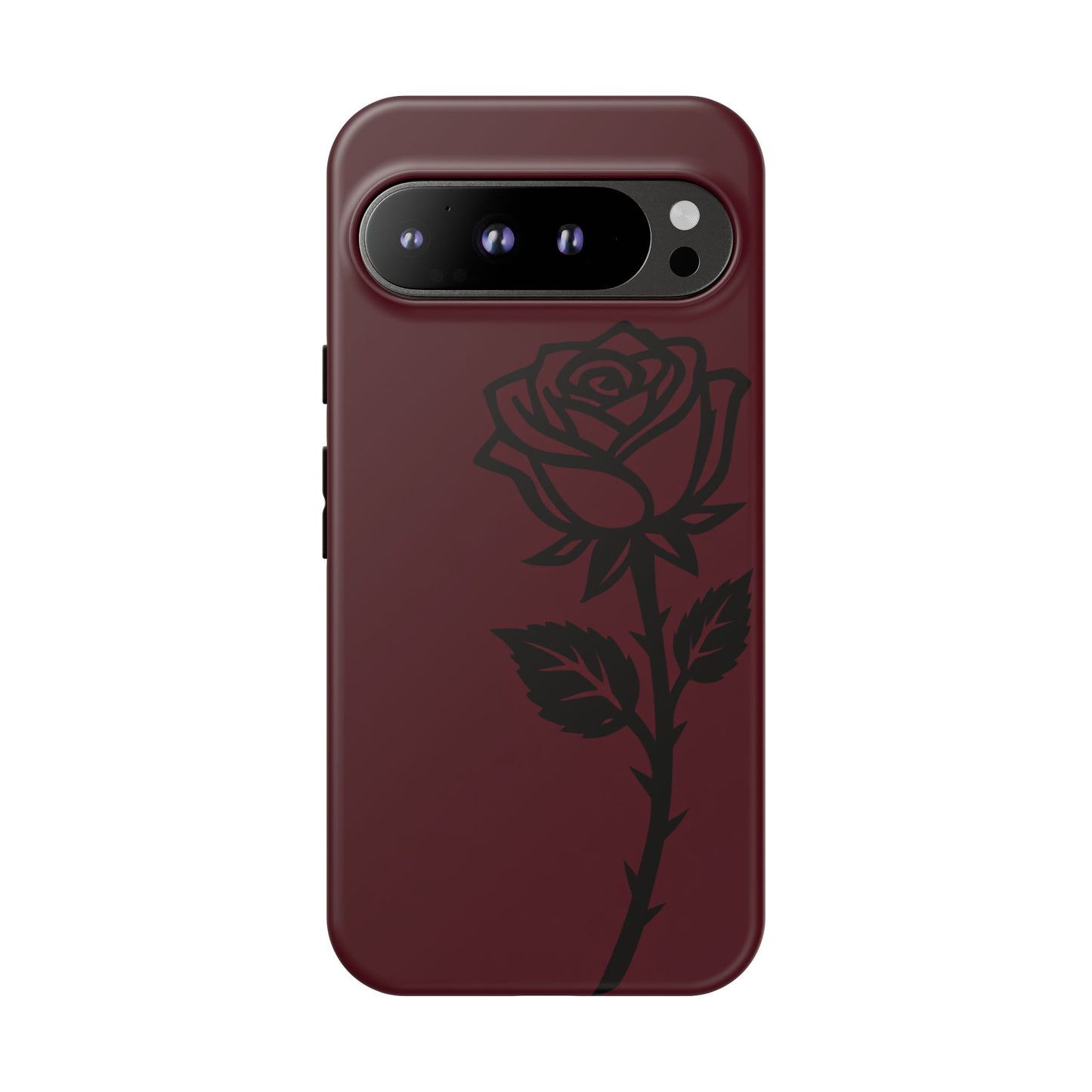 Black Rose Burgundy iPhone Case | Dark Aesthetic Shockproof Protective Cover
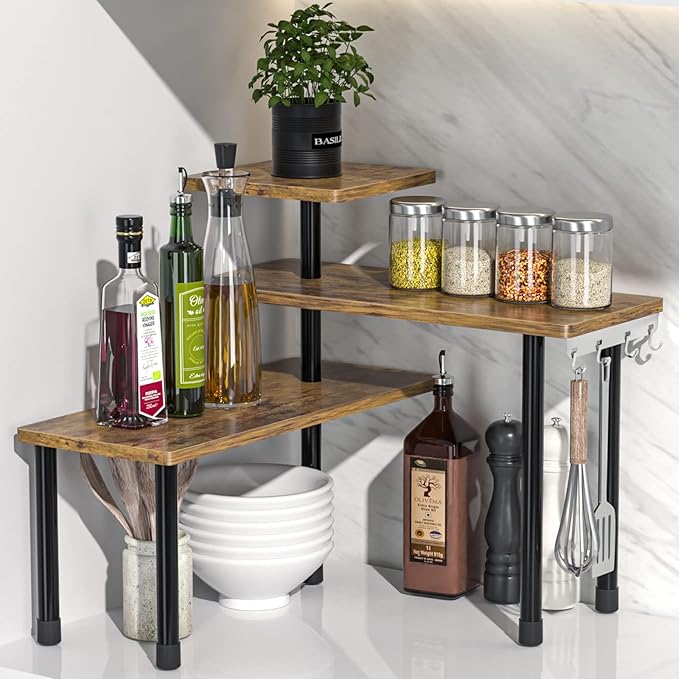 3-Tier Countertop Corner Shelf Organizer – Kitchen & Bathroom Storage Rack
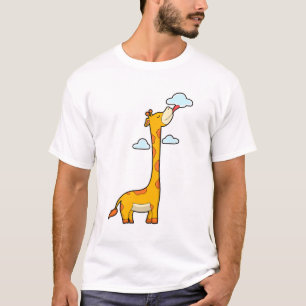 Giraffe mit Wolken T-Shirt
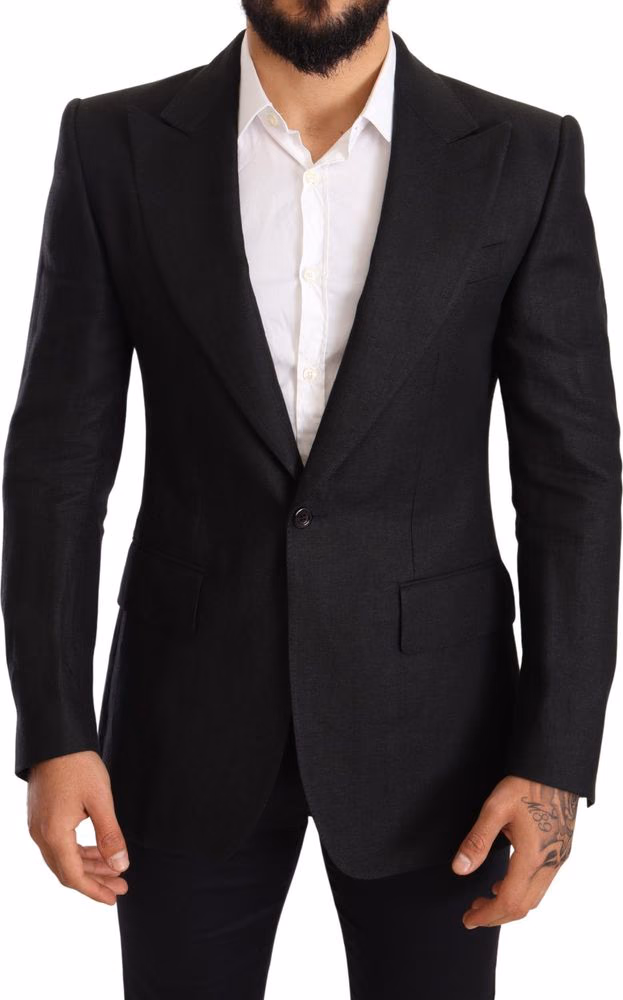 Dolce & Gabbana Black Linen Slim Fit Coat Jacket Blazer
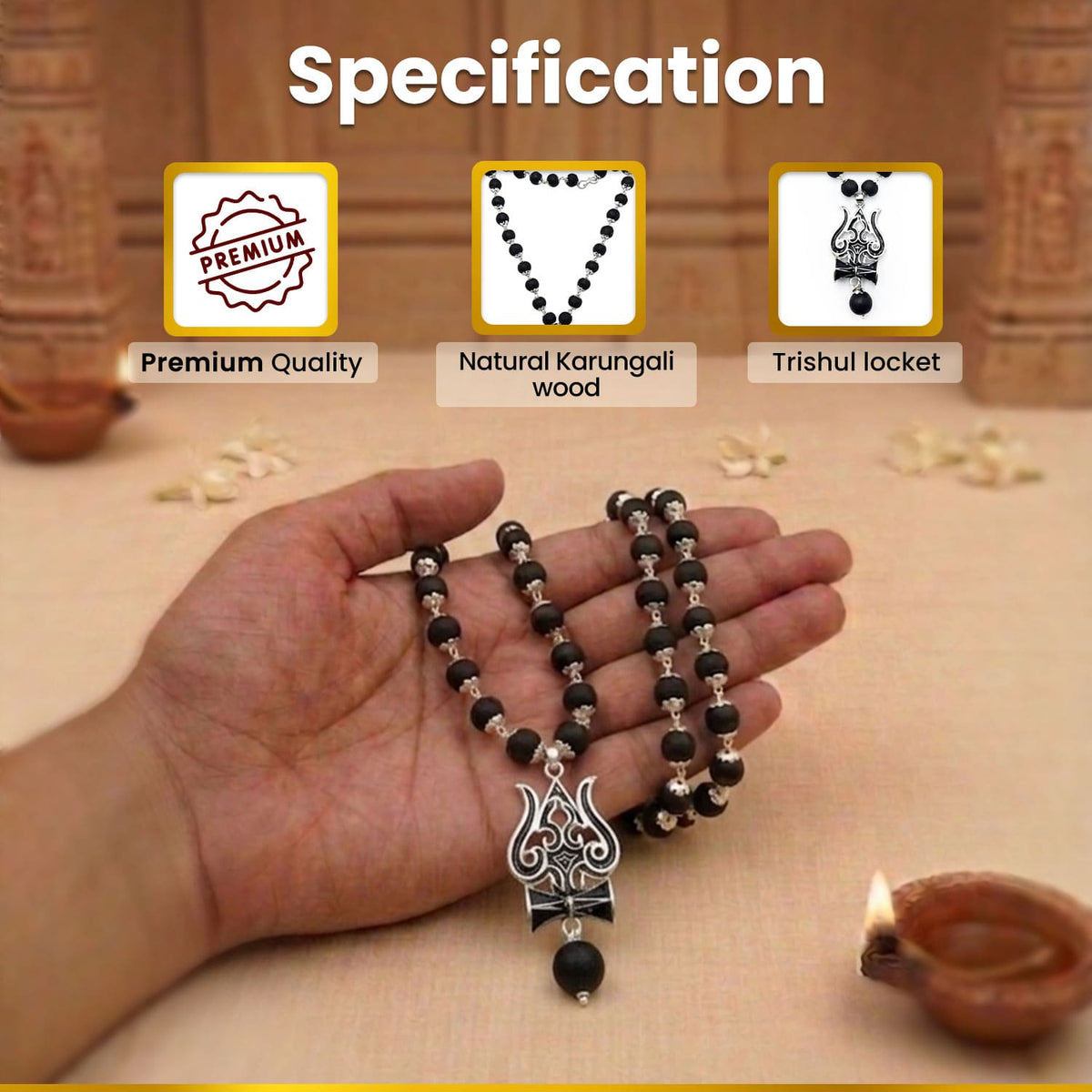 Karungali Mala with Lord Shiva Trishul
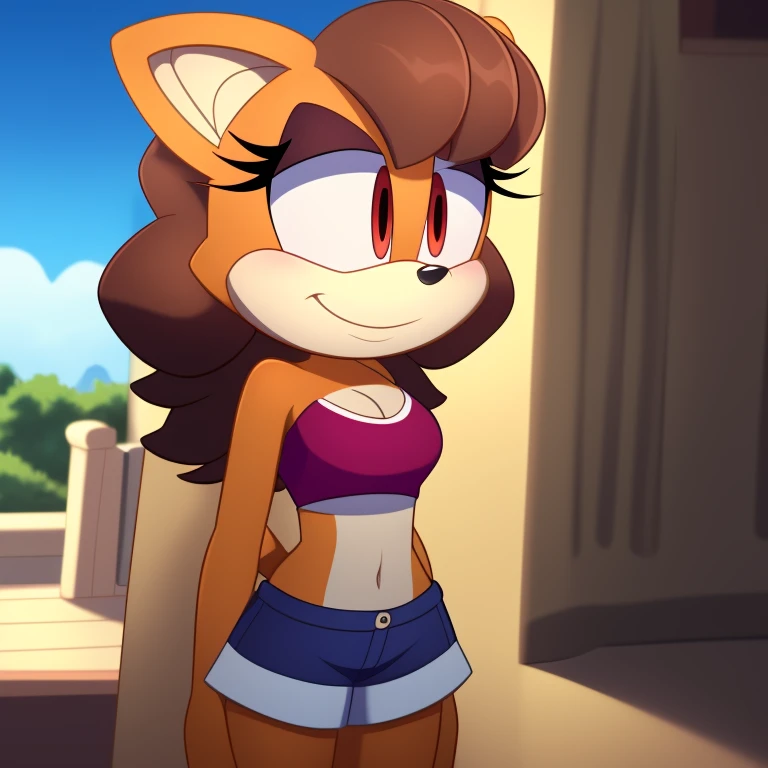 mobian, hedgehog, two-tone fur ((orange fur, brown fur)), pyjama elastic shorts, strapless crop top, cleavage, high-top sneakers, two-tone hair (brown hair, black tip)), curly hair, halo, sunglasses, jewelry, red eyes, longeyelashes, red eyes, smile, shy, blush, high detail, masterpiece, UHD, anatomically correct, super detail, highres, 4K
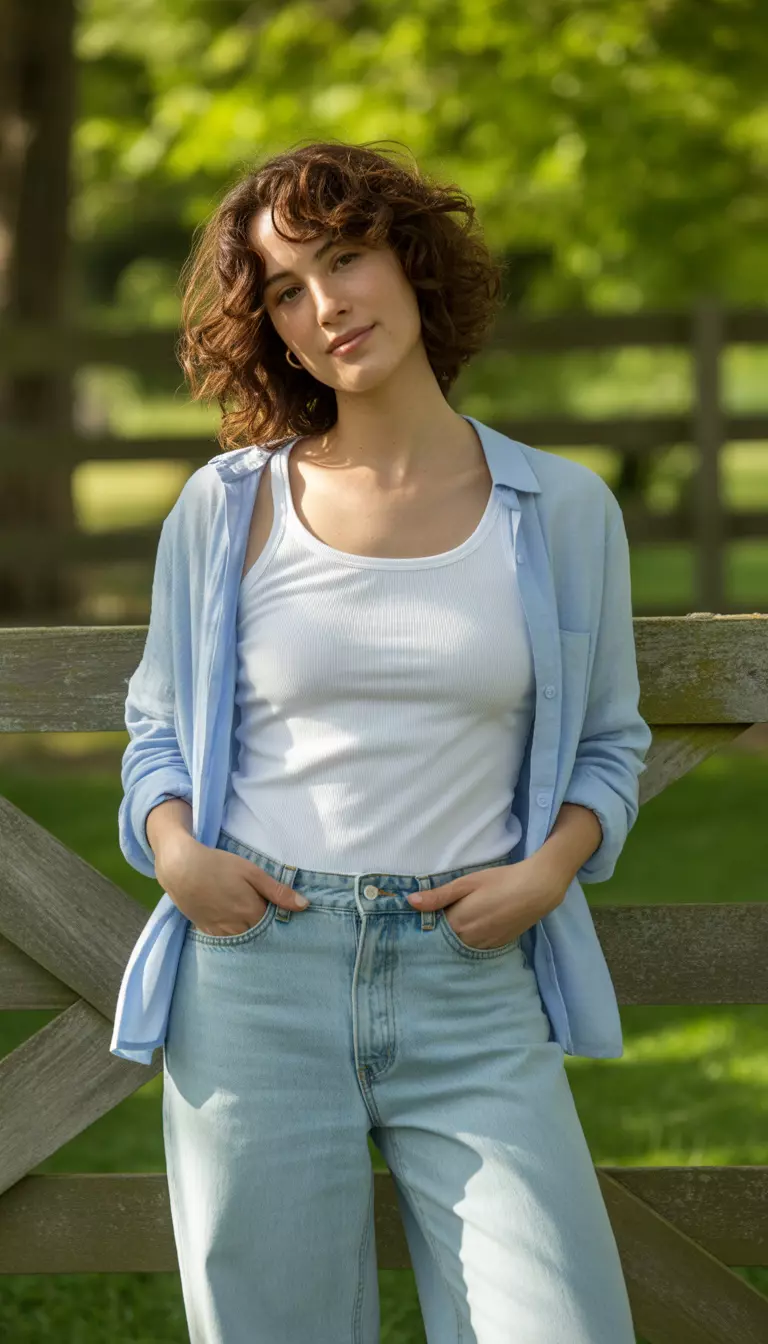 A beautiful woman in light wash wide-leg jeans, a white tank top, and a light blue open cardigan.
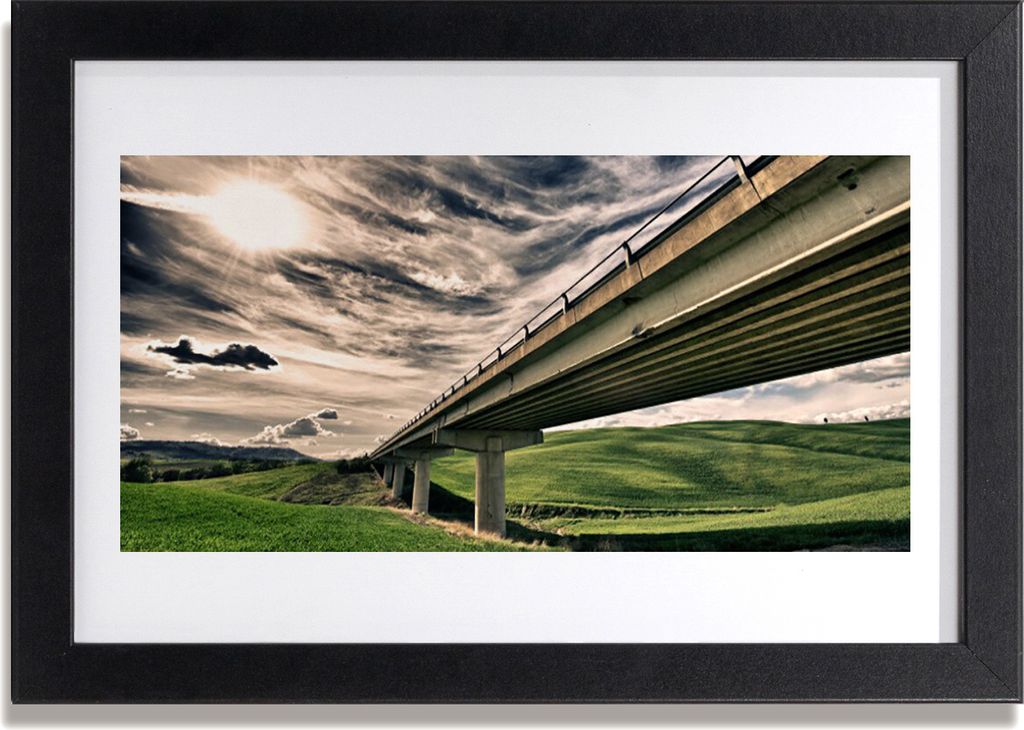 Bild 30x20 MDF-Rahmen Wandkunst Tal Autobahnbrücke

————

BRIEF: Starting at the line containing "Dolce & Gabbana" and stopping at the line containing "Karungali Mala with Lord Shiva Trishul", output every line above exactly, both ends included, with pictures omitted.

EXERCISE SOLUTION:
 Dolce & Gabbana Black Linen Slim Fit Coat Jacket Blazer
 Karungali Mala with Lord Shiva Trishul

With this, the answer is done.